Biographies of Prominent Quebec and Canadian
Percy Ellwood Corbett
Department of History,
Jurist and soldier, was born at Tyne Valley, Prince Edward Island. He was educated at Quebec's Huntingdon Academy and at McGill University. After receiving his M.A. in 1915, Corbett was awarded a Rhodes Scholarship, but postponed it to serve with great distinction as an officer in the Canadian Expeditionary Force in France . Severely injured at the Battle of the Somme, he was awarded the Military Cross. After the Great War he resumed his studies at Oxford University and was a Fellow of All Souls College from 1920 to 1927. During that time he served as an assistant legal advisor to the League of Nation's International Labour Office and obtained a Licence ès droit from the Sorbonne. In 1924 he was appointed professor of Roman law at McGill University's Faculty of Law. One of the Faculty's rising stars, Corbett served as its Dean from 1928 until 1936. Under his direction, the Faculty of Law recruited both F. R. Scott and John P. Humphrey as professors. Serving briefly as McGill's acting principal, Corbett continued to teach Roman and International law until 1942, when he left Canada and joined the faculty of Yale University . He became an American citizen in 1947. From 1951 to 1958 Corbett taught at Princeton University's Center for International Studies. He spent the rest of his career teaching at the University of Virginia and at Lehigh University.
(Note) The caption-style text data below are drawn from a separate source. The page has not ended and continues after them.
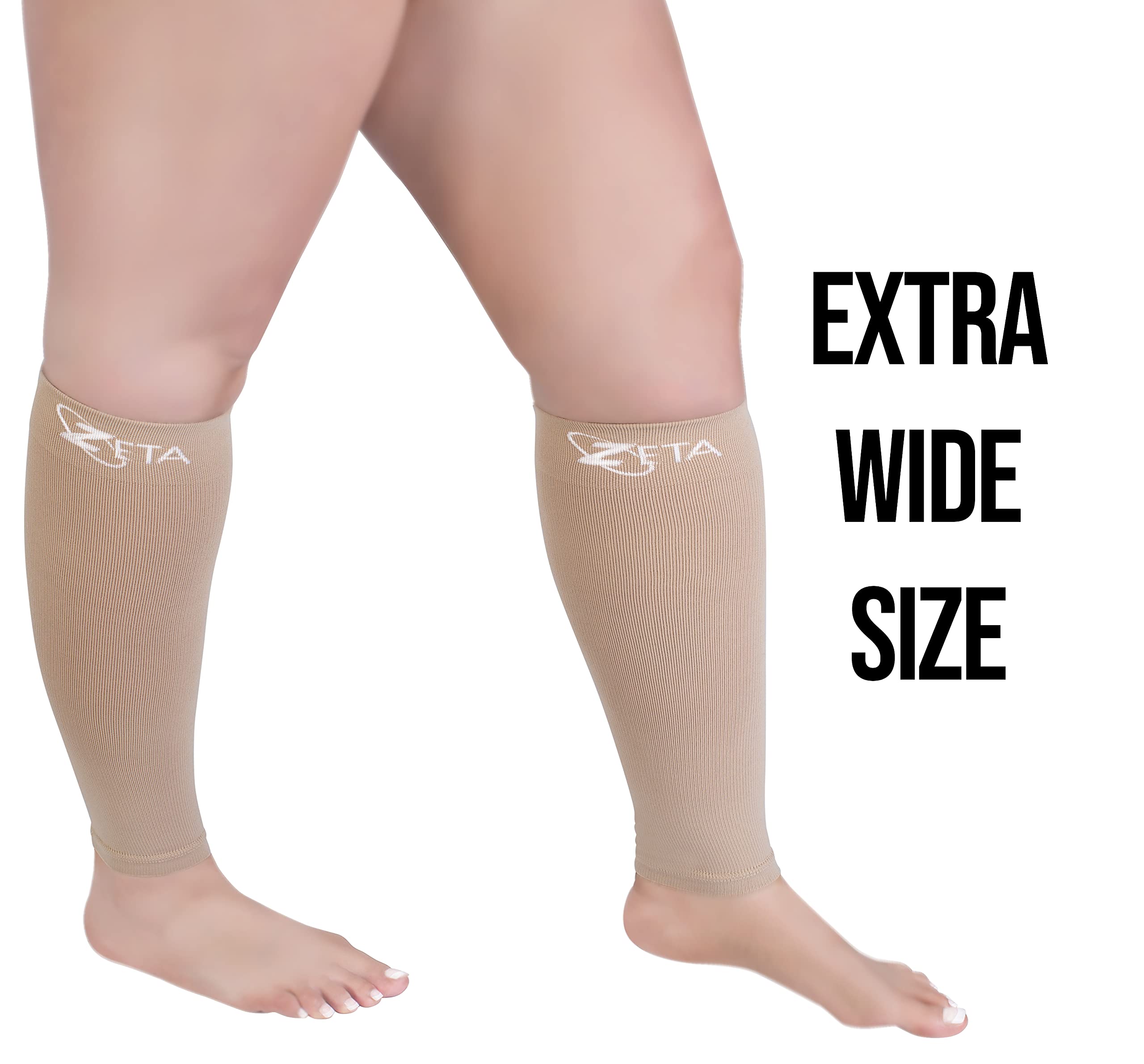 Zeta Wear Plus Size Leg Sleeve Support Socks - The Wide Calf Compression Sleeve Women Love for Its Amazing Fit, Cotton-Rich Comfort, Graduated Compression & Soothing Relief, 1 Pair, Size 4XL, Nude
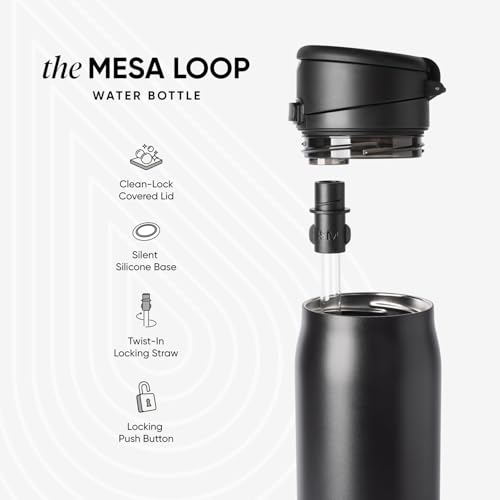 Simple Modern Mesa Loop Water Bottle with Straw | 30oz Cup Holder Friendly Insulated Stainless Steel Bottles for Travel, Sports and School | Avocado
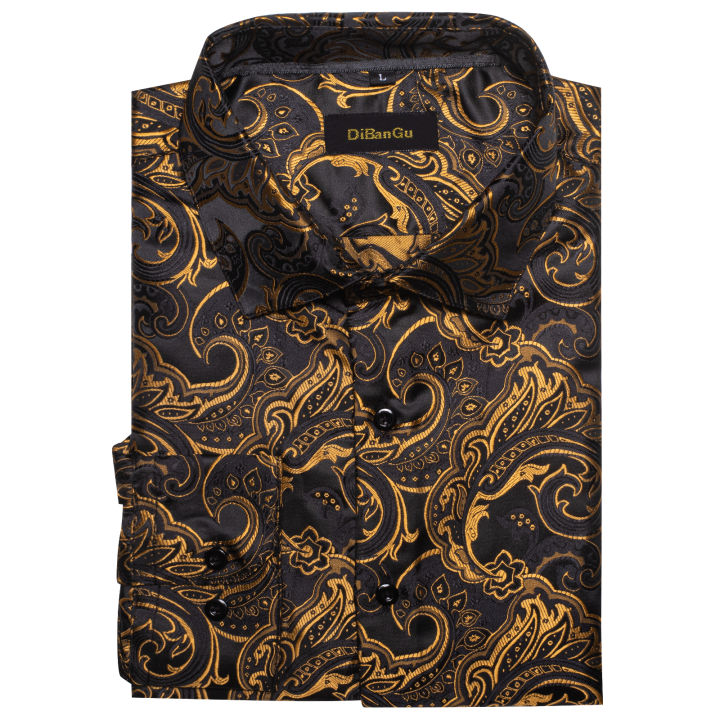 Luxury%20Men%20Dress%20Shirt%20Formal%20Prom%20Tuxedo%20Long%20Sleeve%20Silk%20Polyester%20Golden%20Color%20Paisley%20Black%20Shirts%20Blouse%20Men%20Clothing%20-%20Image%204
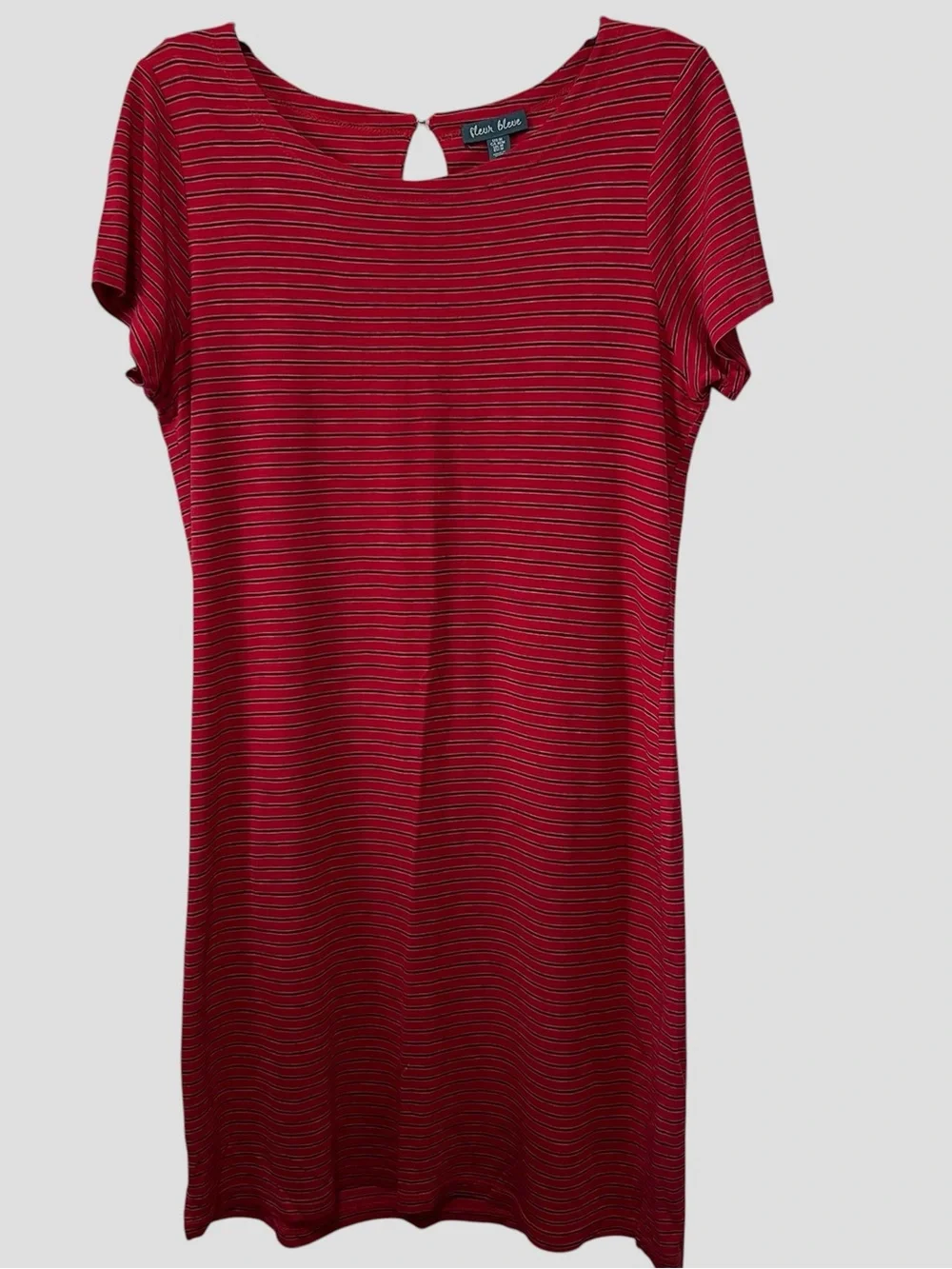 Fleur Bleue Striped Midi Dress — Casual Keyhole Neck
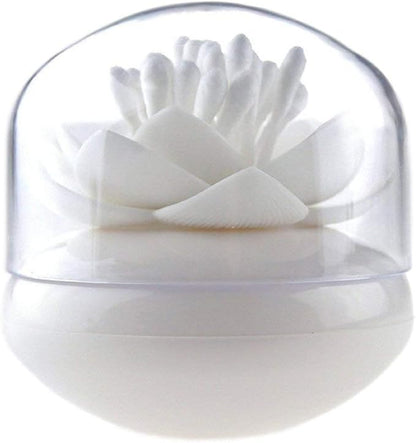 Bloss Lotus Cotton Swab Holder Q-tip Holders Cottons Bud Holder Stylish Birthday Gift Cotton Swab Box Beauty Toothpicks Holder Toothpick Case – White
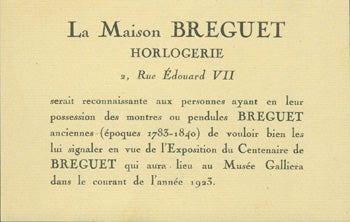 Item #15-8889 La Maison Breguet: Horlogerie. Musee Galliera, Paris.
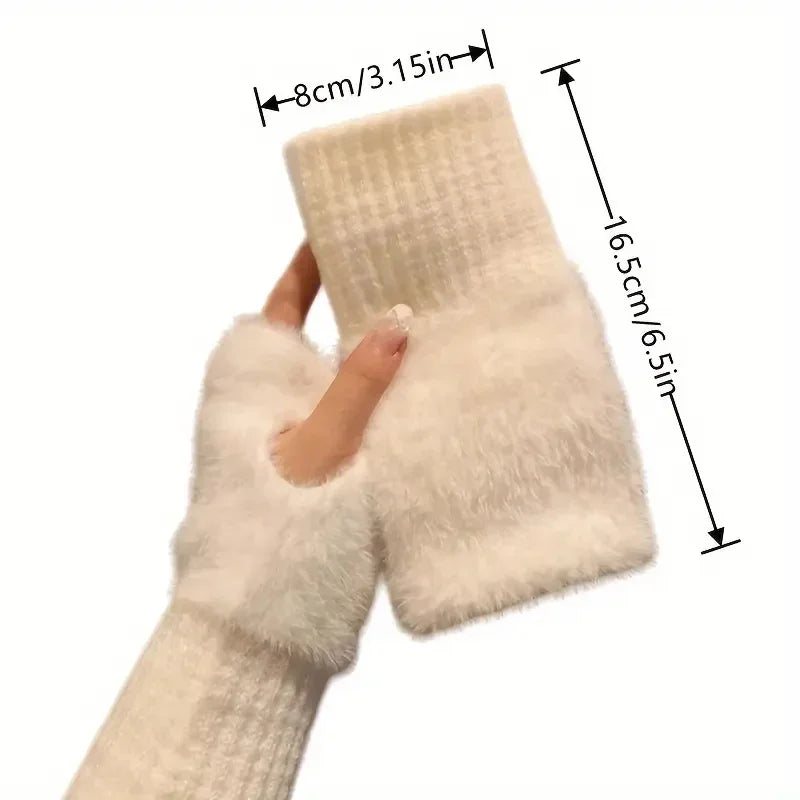 Plush Cozy Fingerless Gloves for Women - product detail 3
An international jurist who frequently argued for a Canadian-American rapprochement, P. E. Corbett authored a volume on The Settlement of Canadian-American Disputes (1937) in the series of twenty-five studies on Canadian-American relations sponsored by the Carnegie Endowment for International Peace, and attended three of the conferences on Canadian-American affairs organized by the Endowment between 1935 and 1941. In the October 1930 issue of the Dalhousie Review he published Canada's first in-depth scholarly examination of anti-Americanism.